If http://publish.example.com/foo is set to redirect to http://www.example.com/cgi-bin/my-put-script/foo the first request (to publish.example.com) is a PUT but the request to www.example.com is a GET.
All the redirection methods in RFC 2616 say: If the 3xx status code is received in response to a request other than GET or HEAD, the user agent MUST NOT automatically redirect the request unless it can be confirmed by the user, since this might change the conditions under which the request was issued. So we should not be redirecting at all here, methinks....
Is there a real site setup that I could test this with and QA could use for verification? BZ--is this a bug or ?
If the behavior is as reporter describes, this would be a bug in the HTTP code, which triggers a redirect unconditionally. We should be prompting for user permission to redirect. Not sure whether the redirected request should still be a GET or be a PUT (the HTTP spec seems a bit unclear on this).
> Is there a real site setup that I could test this with and QA > could use for verification?
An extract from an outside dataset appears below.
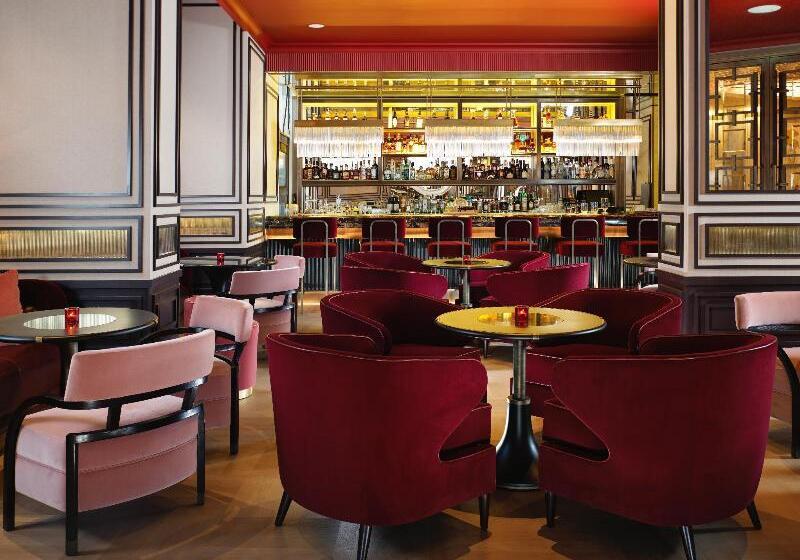 هتل The Biltmore Mayfair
Publish a page to testbed3.jriddell.org and it will be redirected to testbed1.jriddell.org/cgi-bin/put/filename.html A GET will be send on the second request and the publish will fail (see testbed1.jriddell.org/putlog). Publishing directly to testbed1.jriddell.org/cgi-bin/put will (should) succeed.
the problem is, browsers have always automatically redirected from POST to GET. that has come to be expected. for PUT maybe we should change that.
here's the passage from RFC2616 section 10.3.3 on 302 redirects: Note: RFC 1945 and RFC 2068 specify that the client is not allowed to change the method on the redirected request. However, most existing user agent implementations treat 302 as if it were a 303 response, performing a GET on the Location field-value regardless of the original request method. The status codes 303 and 307 have been added for servers that wish to make unambiguously clear which kind of reaction is expected of the client. despite this, mozilla still fails to implement 307 correctly (see bug 48202).
marking as dependent on bug 48202. maybe this should even be a duplicate. not sure yet if we want to change our behavior for redirects other than 307.
Jonathan: Now that bug 48202 is fixed, can you please try this bug in recent trunk builds? (I tried, but looks like http://publish.example.com/foo is down). thanks!
Testing with build 2003032809 shows no change in behaviour The headers that are being replied to mozilla are HTTP/1.1 302 Found Date: Sun, 30 Mar 2003 00:08:58 GMT Server: Apache/1.3.27 (Unix) (Red-Hat/Linux) mod_ssl/2.8.11 OpenSSL/0.9.6b PHP/4.0.6 FrontPage/188.8.131.52 Location: http://www.example.com/cgi-bin/put/blah.html Transfer-Encoding: chunked Content-Type: text/html; charset=iso-8859-1 Mozilla then sends the following request to the URL where it was redirected GET / HTTP/1.1 Host: www.example.com User-Agent: Mozilla/5.0 (Windows; U; Windows NT 5.1; en-US; rv:1.4a) Gecko/20030322 Accept: text/xml,application/xml,application/xhtml+xml,text/html;q=0.9,text/plain;q=0.8,vid eo/x-mng,image/png,image/jpeg,image/gif;q=0.2,*/*;q=0.1 Accept-Language: en-us,en;q=0.5 Accept-Encoding: gzip,deflate Accept-Charset: ISO-8859-1,utf-8;q=0.7,*;q=0.7 Keep-Alive: 300 Connection: keep-alive and no body. Netscape 4 sucessfully redirected with a PUT and the document being sent.
suresh: perhaps it would make sense for our 302 behavior to preserve the method in all cases except POST. i know that sounds a bit inconsistent, but i'm worried about breaking compatibility with sites that depend on the non-standard behavior of existing browsers. bbaetz: any thoughts on this?
What did ns4 do for the POST version of this with a 302? What does IE do for POST/PUT ?
(In reply to comment #12) BTW, (b) is security-related; HTTP places those requirements on clients so that users stay in control of their actions.
There's a newer bug on this -- 598304 -- on which I already started work. Mark this one as duplicate?